# wired home network problem



## jeepdriver (Sep 15, 2008)

I have a wired home network using internet connection sharing. (I'm stuck with dial-up) My internet gateway uses XP home. Have 5 other computers sharing the internet connection, file and printer sharing. All the other pc's use XP pro except for one linux machine. I have 2 linksys ezx55w workgroup switches. Everything has been fine until the end of July, one of the XP pro machines suddenly would not connect to the internet, printer, or access files on the other machines. Network connections show it's connected to the lan at 100 Mbps. All lights on the workgroup switches are on, green light is on on the back of the pc where the ethernet cable plugs in. Was going to re-install Windows, but today another XP pro machine started having the same problem. I have the IP addresses configured manually, if I use automatic IP addressing, I have limited or no connectivity.

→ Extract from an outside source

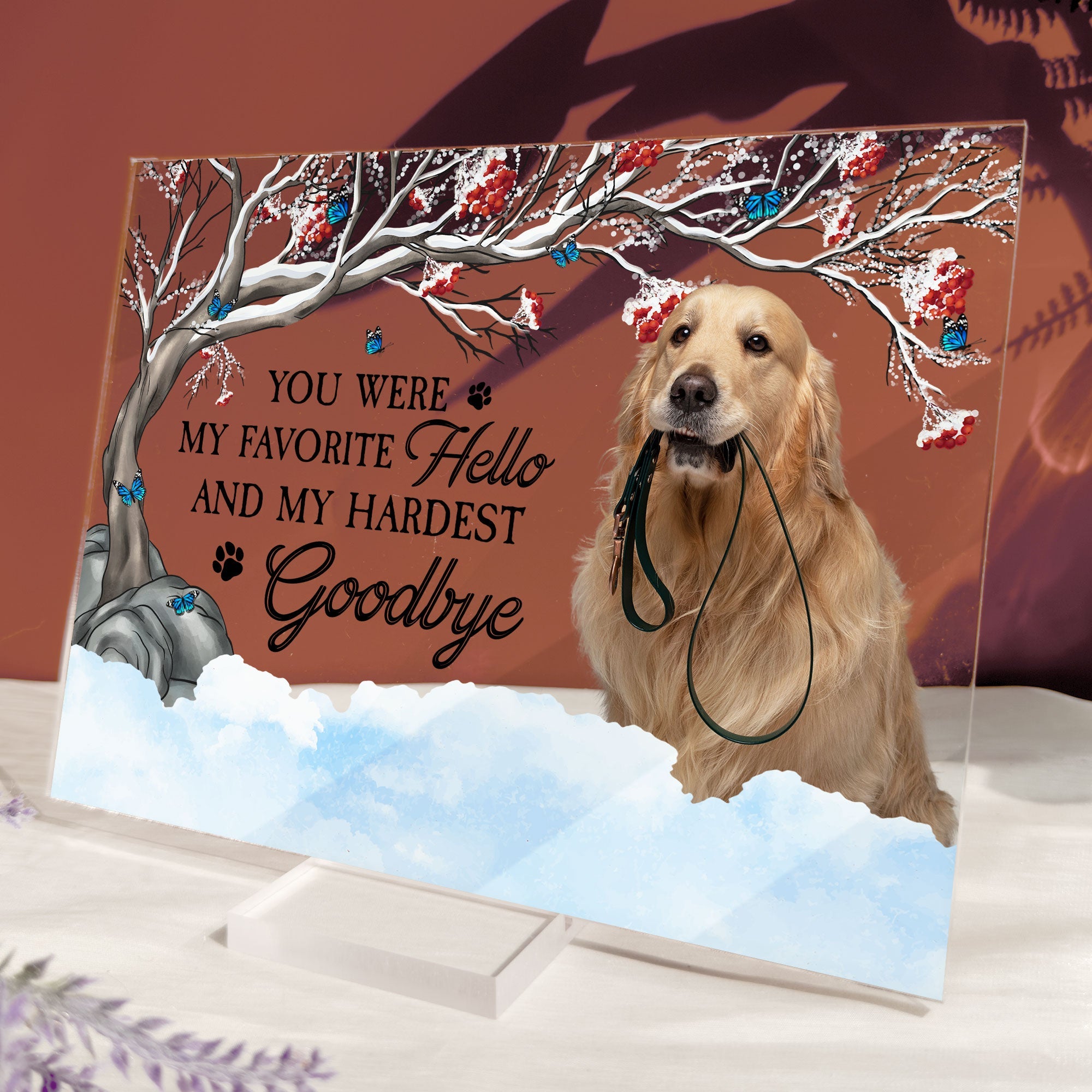 You Were My Favorite Hello And My Hardest Goodbye - Personalized Acrylic Photo Plaque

Could I have a bad workgroup switch even though the machines show they are connected at 100 Mbps ? Not sure what to do at this piont. Any help would be appreciated.


----------



## Yin (Sep 21, 2008)

ipconfig in cmd =)


----------



## oily_17 (Sep 21, 2008)

Check out this link for some help on trouble shooting your connection,give the Ping test a try -

http://www.onecomputerguy.com/networking/troubleshoot_internet.htm


----------